What I really need to know in order to feel more confident about my handle on whether to medicate pre-diabetes is the population incidence. Not prevalence. Because if I take the most optimistic studies about medication as an intervention, specifically, I could be looking at about a 30-40% reduction in risk of progression to diabetes. But! How many people is that, actually? Because medication is not without its harms! We need to compare number needed to treat with number needed to harm, we need to have high-quality evidence that says yes, if we give this medication to everyone who meets X level of criteria for pre-diabetes (it's different in different sources AND it's changed repeatedly over our lifetime!), we will see a level of benefit sufficient to justify making these other people who would not have progressed to diabetes without it endure the hassle and side effects of taking a medication for the rest of their lives.

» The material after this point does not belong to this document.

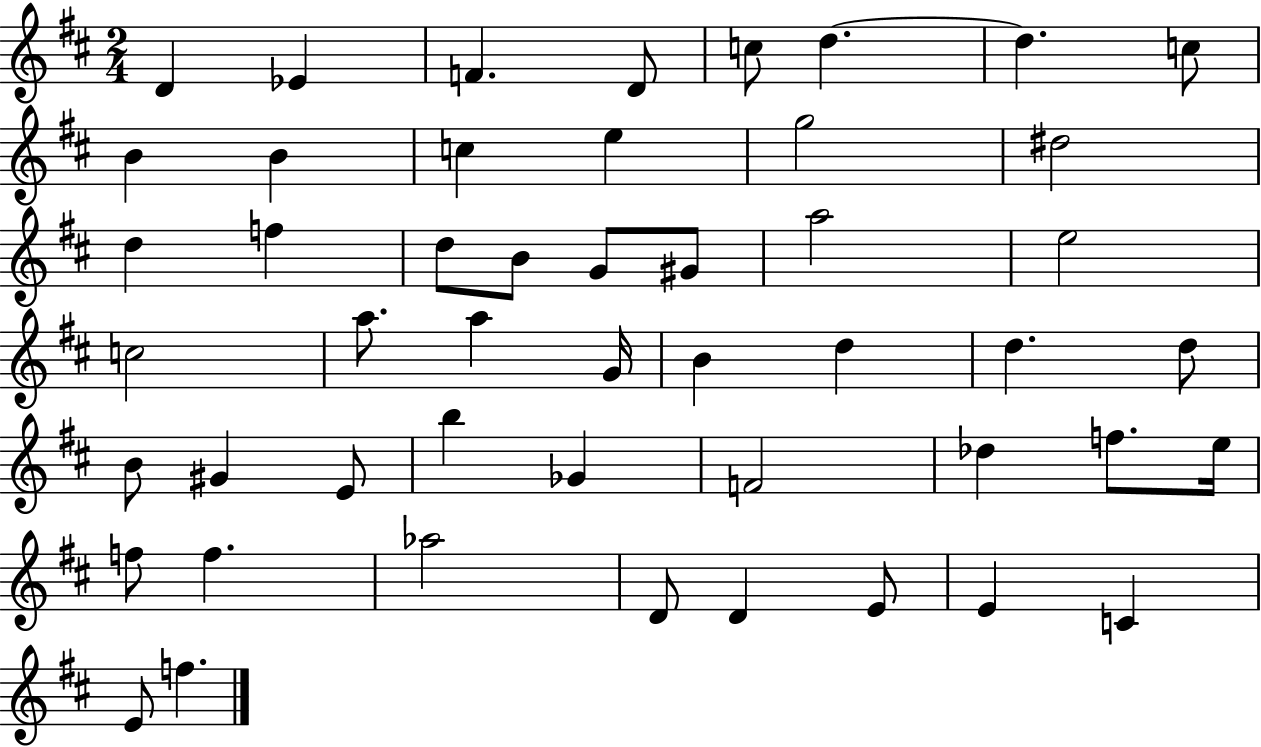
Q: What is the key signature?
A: D major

AND HERE'S THE REAL FUN PART: we don't really know where tissue damage begins! We thought we did! 6.5-7ish A1c. But it turns out there is a marked risk of retinopathy beginning at 5.5! Which is considered normal. AND ALSO we should probably be thinking of it as at least three separate disease based on our current ability to measure--A1c is a broad marker that collapses multiple forms of dysregulated blood sugar, and when we use more fine-grained tests, we see meaningful distinctions that probably affect preferred treatments between people who have impaired fasting glucose, people who have abnormal values on an oral glucose tolerance test, and people who have both. We should treat these groups differently because they reflect different underlying pathways: elevated fasting glucose means your liver is breaking down too much glycogen while you sleep, which is one issue, while elevated post-prandial glucose means your skeletal muscles (OR SOMETHING ELSE they're not totally sure) are behaving abnormally in response to insulin. IT'S NOT THE SAME THING and people with both impaired fasting glucose and abnormal post-prandial glucose are at higher risk of progression to diabetes/tissue damage than people with just one of those. AND WHILE WE'RE AT IT, what is diabetes? What's the best cutoff? What's the best measure? How many underlying pathophysiologies are getting collapsed into the same group????

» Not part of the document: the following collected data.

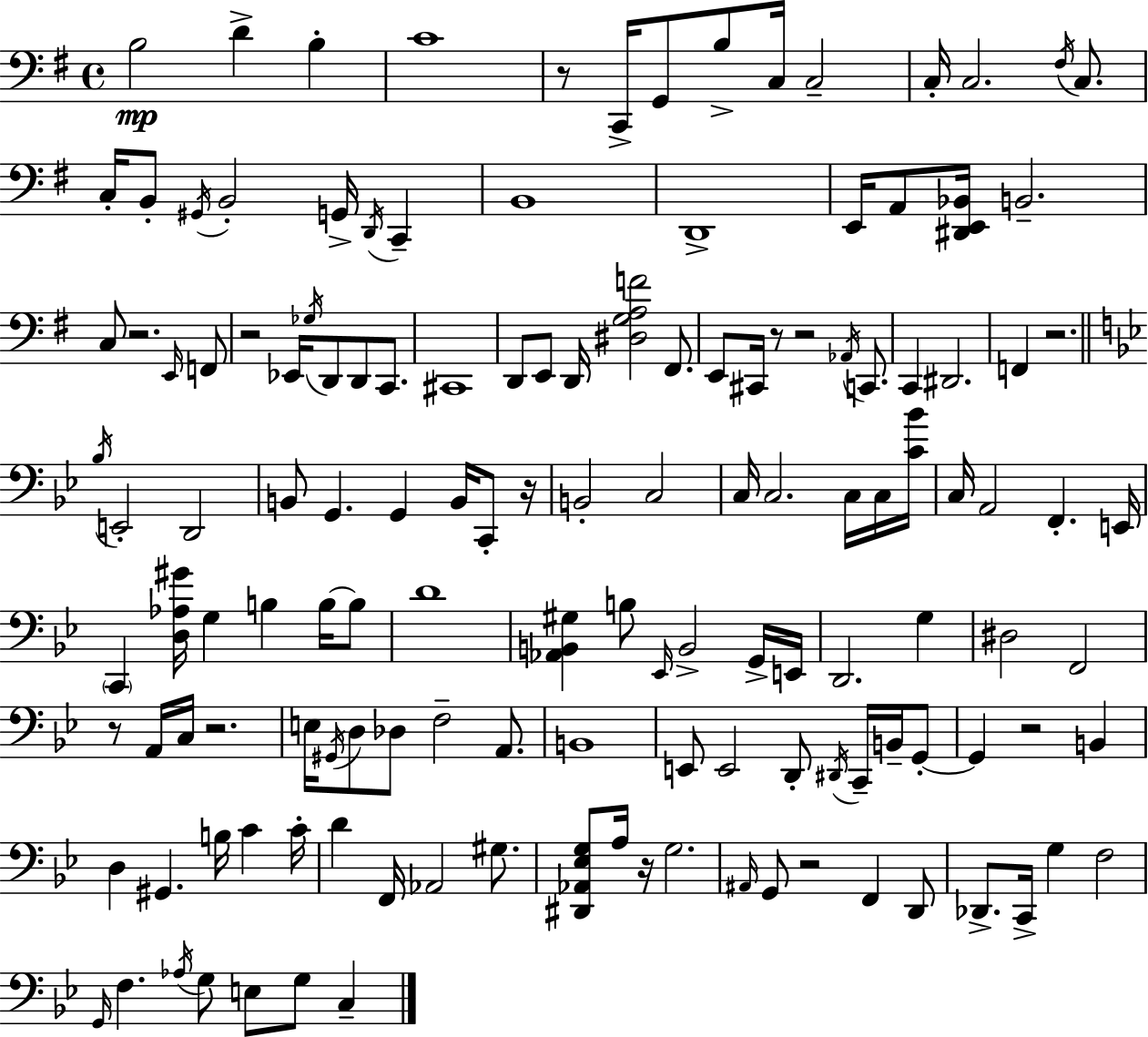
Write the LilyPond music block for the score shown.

{
  \clef bass
  \time 4/4
  \defaultTimeSignature
  \key e \minor
  \repeat volta 2 { b2\mp d'4-> b4-. | c'1 | r8 c,16-> g,8 b8-> c16 c2-- | c16-. c2. \acciaccatura { fis16 } c8. | \break c16-. b,8-. \acciaccatura { gis,16 } b,2-. g,16-> \acciaccatura { d,16 } c,4-- | b,1 | d,1-> | e,16 a,8 <dis, e, bes,>16 b,2.-- | \break c8 r2. | \grace { e,16 } f,8 r2 ees,16 \acciaccatura { ges16 } d,8 | d,8 c,8. cis,1 | d,8 e,8 d,16 <dis g a f'>2 | \break fis,8. e,8 cis,16 r8 r2 | \acciaccatura { aes,16 } c,8. c,4 dis,2. | f,4 r2. | \bar "||" \break \key bes \major \acciaccatura { bes16 } e,2-. d,2 | b,8 g,4. g,4 b,16 c,8-. | r16 b,2-. c2 | c16 c2. c16 c16 | \break <c' bes'>16 c16 a,2 f,4.-. | e,16 \parenthesize c,4 <d aes gis'>16 g4 b4 b16~~ b8 | d'1 | <aes, b, gis>4 b8 \grace { ees,16 } b,2-> | \break g,16-> e,16 d,2. g4 | dis2 f,2 | r8 a,16 c16 r2. | e16 \acciaccatura { gis,16 } d8 des8 f2-- | \break a,8. b,1 | e,8 e,2 d,8-. \acciaccatura { dis,16 } | c,16-- b,16-- g,8-.~~ g,4 r2 | b,4 d4 gis,4. b16 c'4 | \break c'16-. d'4 f,16 aes,2 | gis8. <dis, aes, ees g>8 a16 r16 g2. | \grace { ais,16 } g,8 r2 f,4 | d,8 des,8.-> c,16-> g4 f2 | \break \grace { g,16 } f4. \acciaccatura { aes16 } g8 e8 | g8 c4-- } \bar "|."
}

THE MORE I LEARN ABOUT THIS THE MORE QUESTIONS I HAVE and experts are all being serenely confident while contradicting each other so I have to actually dig in the data a lot harder than I usually do. I've been meaning to do this for months, but one of the presenters this morning made a comment about the benefits of putting prediabetics on metformin that made me go "hm, do I need to start doing that?" and I've gone from my kneejerk answer being "no, we studied this and it doesn't help" to "I don't fucking know and neither does anyone else."
...as always, Cochrane is probably right.